Spotted Owl. Photo by US Forest Service.
The U.S. Fish and Wildlife Service has sided with the timber industry, placing millions of acres of northern spotted critical habitat at risk, in a shady backroom deal unveiled earlier this month. Under the terms of this settlement, the Service has agreed to revisit their existing critical habitat rule by July 15, 2020 and finalize a new critical habitat rule by December 23, 2020. At risk is 9.5 million acres of habitat that the Service had previously decided was necessary for the recovery of the northern spotted owl. The story of how we arrived here is a helpful illustration of the ways that the Trump Administration has worked in lockstep with major extractive industries, including Big Timber.

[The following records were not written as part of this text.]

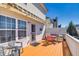 Cozy deck with painted floor, awning, and a dining set with chairs for outdoor dining at 4381 Prather Son Dr, Loganville, GA 30052
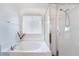 Bright white bathroom with a tub and glass-enclosed shower at 10143 Canyon Hills Ave, Las Vegas, NV 89148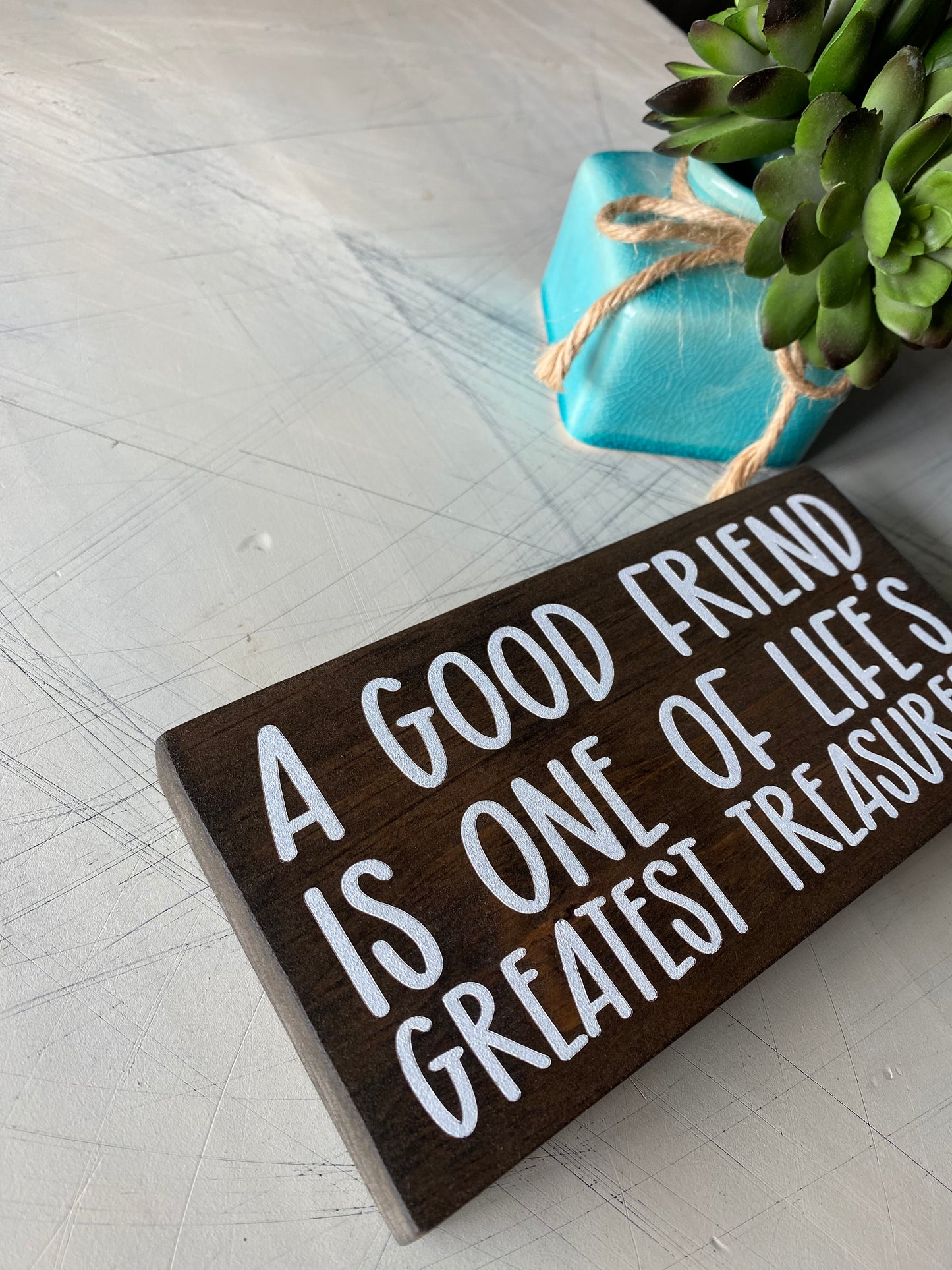 A good friend is one of life's greatest treasures. - Novotny Designs handmade mini wood sign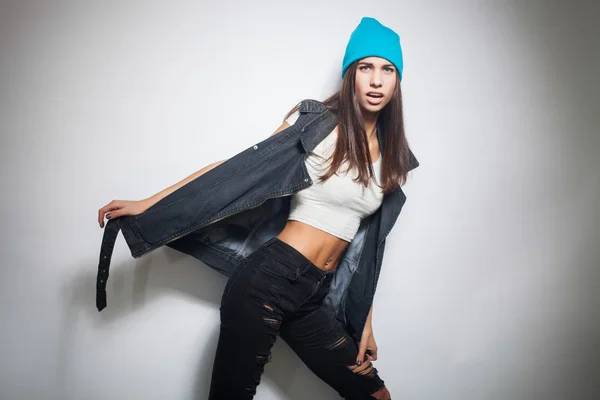Hipster meisje in gescheurde spijkerbroek, denim vest en blauwe hoed — Stockfoto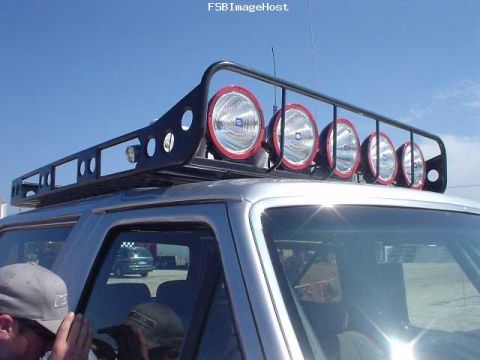 1996 Ford Bronco - A silver Ford Bronco is equipped with a large roof rack that holds six auxiliary lights.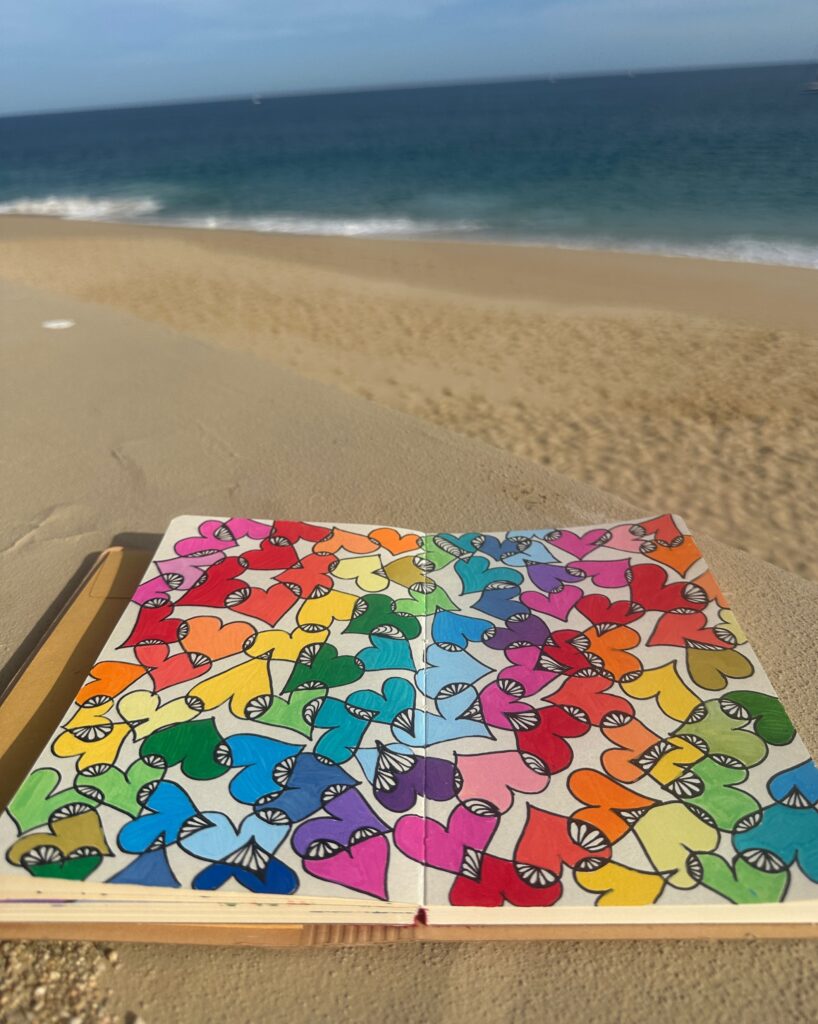 sketchbook layout with colorful heart drawing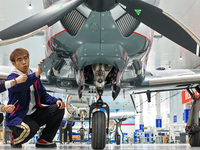 Workers assemble an aircraft at Qingdao Wanfeng Diamond Aircraft Manufacturing Co LTD in Laixi, China, on November 3, 2024. (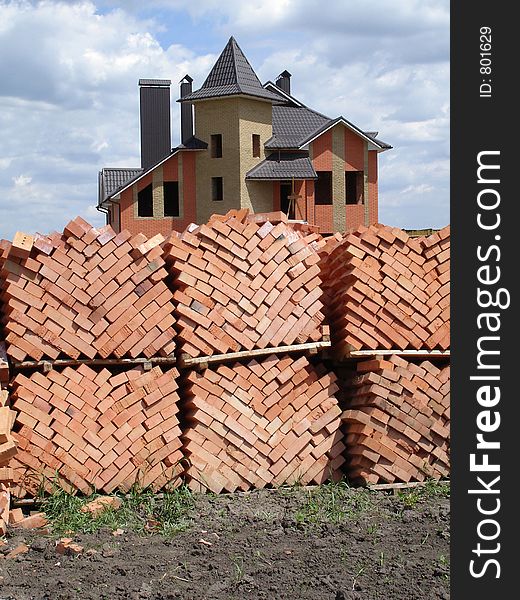 Stacked bricks and built house on the background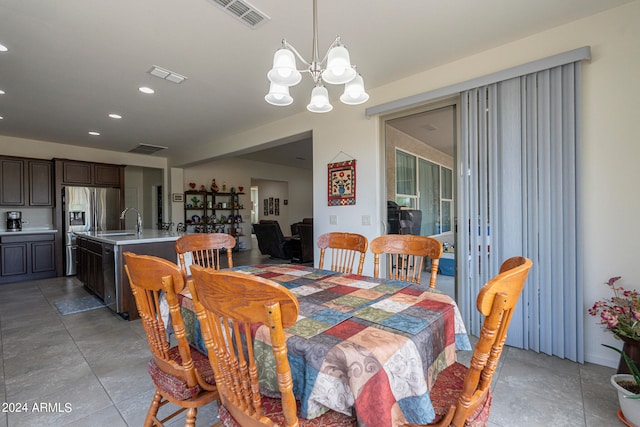 dining space with a notable chandelier and sink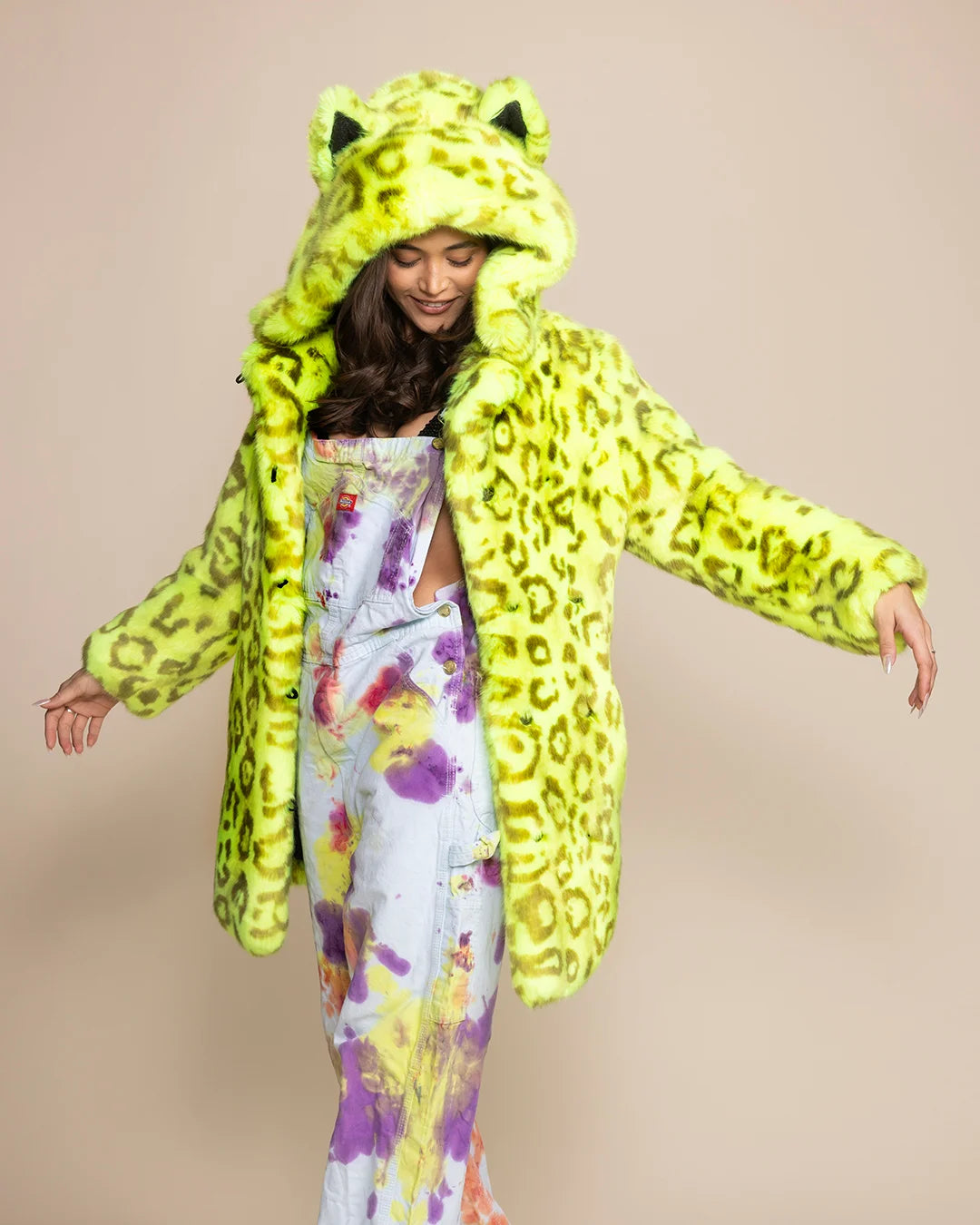 Woman wearing a Neon Yellow Leopard Luxury Faux Fur coat with an oversized hood and ears that glows under UV blacklight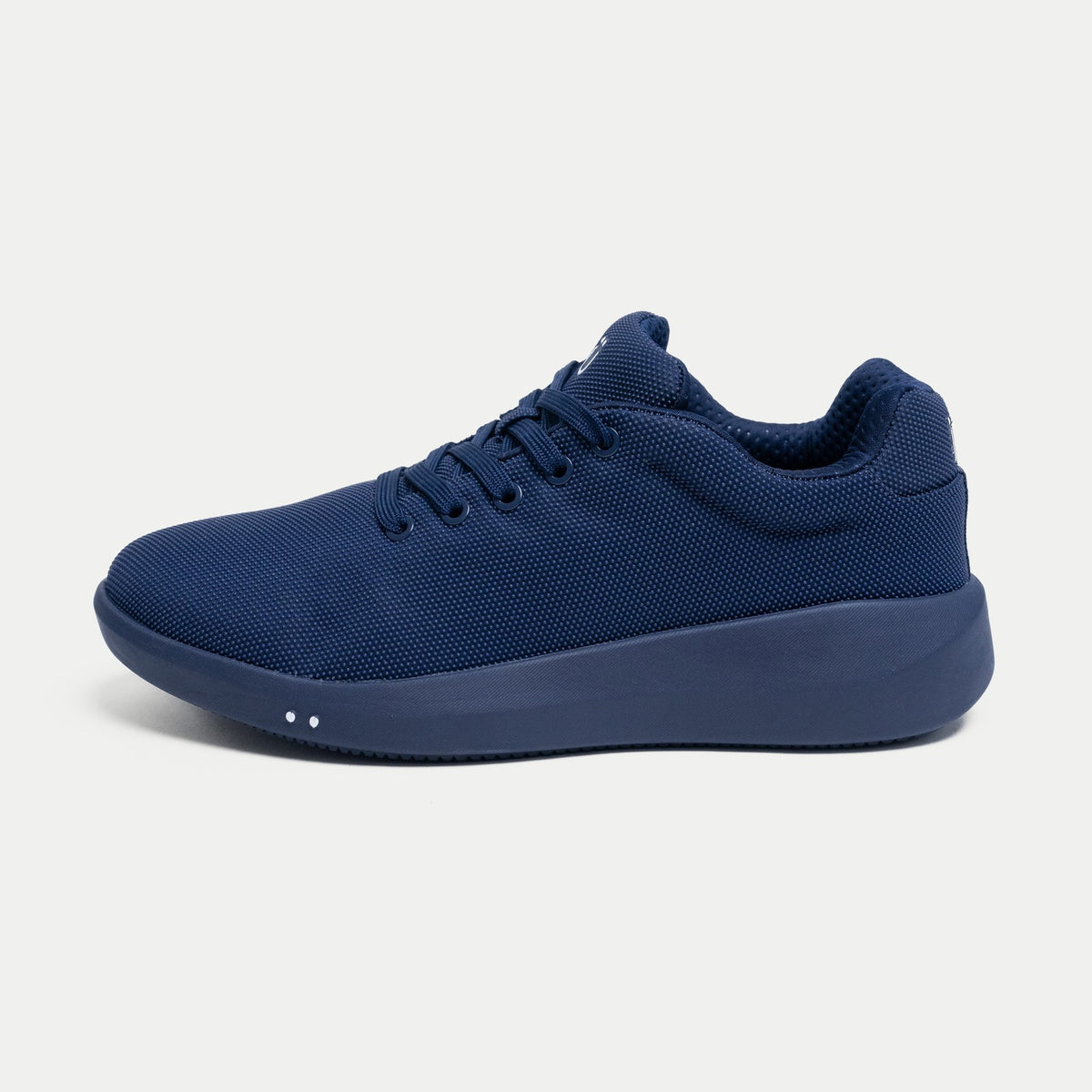 Perform Navy, Low, three-quarter view on stone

The Service approved a critical habitat for the northern spotted owl in 2012. The habitat it designated represented that, which by the law, constituted those areas “essential to the conservation of the species” and was selected only on the basis of the best available science. Soon after the rule was approved, Big Timber challenged. Environmental groups sought to intervene in the lawsuit, arguing that we had an important interest in the litigation and that the federal government did not adequately protect our interest. Intervention was denied because, as the federal judge then found, the federal government supported the critical habitat rule and our groups therefore did not have a fundamentally different position from the federal government.
Then the Trump Administration happened. Despite briefing on the case being complete (and thus the case was ready for a judge to decide on the merits) the government caved: On April 13, in a settlement agreement filed with the court, the Service and the timber industry announced that the Service would re-do the critical habitat designation.
During the Obama Administration, anti-environmental forces claimed a grand conspiracy that enviros would sue and the agency would settle in favor of the environmental side. When Scott Pruitt was head of the Environmental Protection Agency (before he was “retired” under a cloud of ethics investigations), he famously declared that the agency would not settle any case with public interest groups. Now it is clear who is getting the favorable treatment in D.C.: Big Timber.
EPIC has been working to increase protections for the northern spotted owl, only to be hamstrung by delays and inaction. In 2012, EPIC petitioned the Service to “uplist” the owl from “threatened” to “endangered” under the Endangered Species Act. The Service has since missed numerous deadlines to complete their evaluation of our petition, forcing EPIC to send the Service a letter threatening to sue in January 2020.
The owl hangs in the balance. Population modeling suggests less than 50 years before the owl is extinct in the wild, a product of the combined pressure of habitat loss from logging and competition from the barred owl. Political games and backroom deals can now be added to the list of threats facing the northern spotted owl.